I'm here, Tony would say, and Loki wouldn't hear and didn't hear and couldn't hear, and Tony would repeat himself, hovered close as he could, hands ghosting over skin he couldn't touch, to cup a sharp face or clasp around hands and he'd shake and cry, chanting I'm here, I'm here, I'm here, Loki, I'm still here, look, and he'd slip a little more, a little more despair, a little more madness, until he sometimes forgot why it mattered Loki see him, Loki know, only that he needed to.
Tony obsessed and obsessed and forgot, little by little, he needed to be moving on, figuring a way out and instead focused on a way back. To show.

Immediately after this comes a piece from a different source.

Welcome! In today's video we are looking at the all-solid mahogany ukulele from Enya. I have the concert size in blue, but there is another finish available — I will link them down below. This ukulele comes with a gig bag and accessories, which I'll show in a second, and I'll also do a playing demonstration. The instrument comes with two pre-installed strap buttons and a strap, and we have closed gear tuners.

Hands buried in wiring, feeling and sensing and sounding out electrical currents and pulses, ones and zeros an endless cascade, lists of possibilities, of ways to cause an effect, each tried, each discarded, endlessly.
I'm here he whispered and chanted and prayed, and Loki did not hear him, could not hear him.

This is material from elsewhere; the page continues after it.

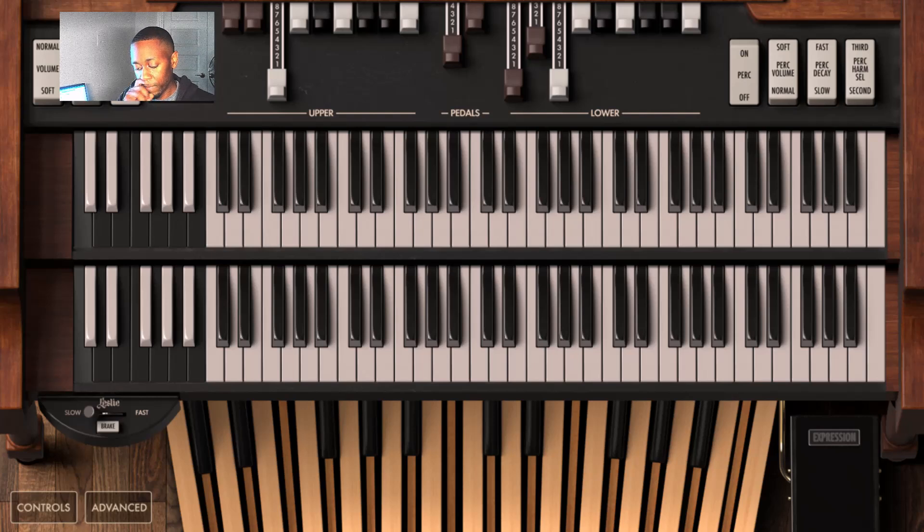Alright, so without further ado, let's get started. I'm going to begin my first chord on the 5, which is G.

Loki he said, endlessly, letters tripping over themselves, scrambled and bad data--Loki Loki Loki lokilokilokiloikiolkikolikolikol ikol ikol ikol.
(And how he hated, that Loki could not hear, Loki who was magic and fire and wit, Loki who could charm anyone, Loki who heard everything, and how he hated that Loki could not hear him.)
He saw Loki, and he reached out and for a moment he thought perhaps Loki could see, could, and something close to joy thrummed through him and Loki reached past, reached through, picked up the ringing phone Tony had not heard (because what he heard was the living, was Loki, and he did not remember a time this wasn't true, couldn't remember why Loki), and rage howled through him, incandescent, wildfire.
Tony howled and in Loki's hand the phone sparked electricity before shattering, plastic and metal and circuits like shrapnel, and all Tony could think was I am here stop ignoring me stop stop stop even as Loki dropped the phone in shock, backing up as Tony lunged forward.
I am still here, Tony screamed, and overhead the lights flickered and buzzed before exploding, alarms going off to echo his howls, shrieking feedback and static and noise.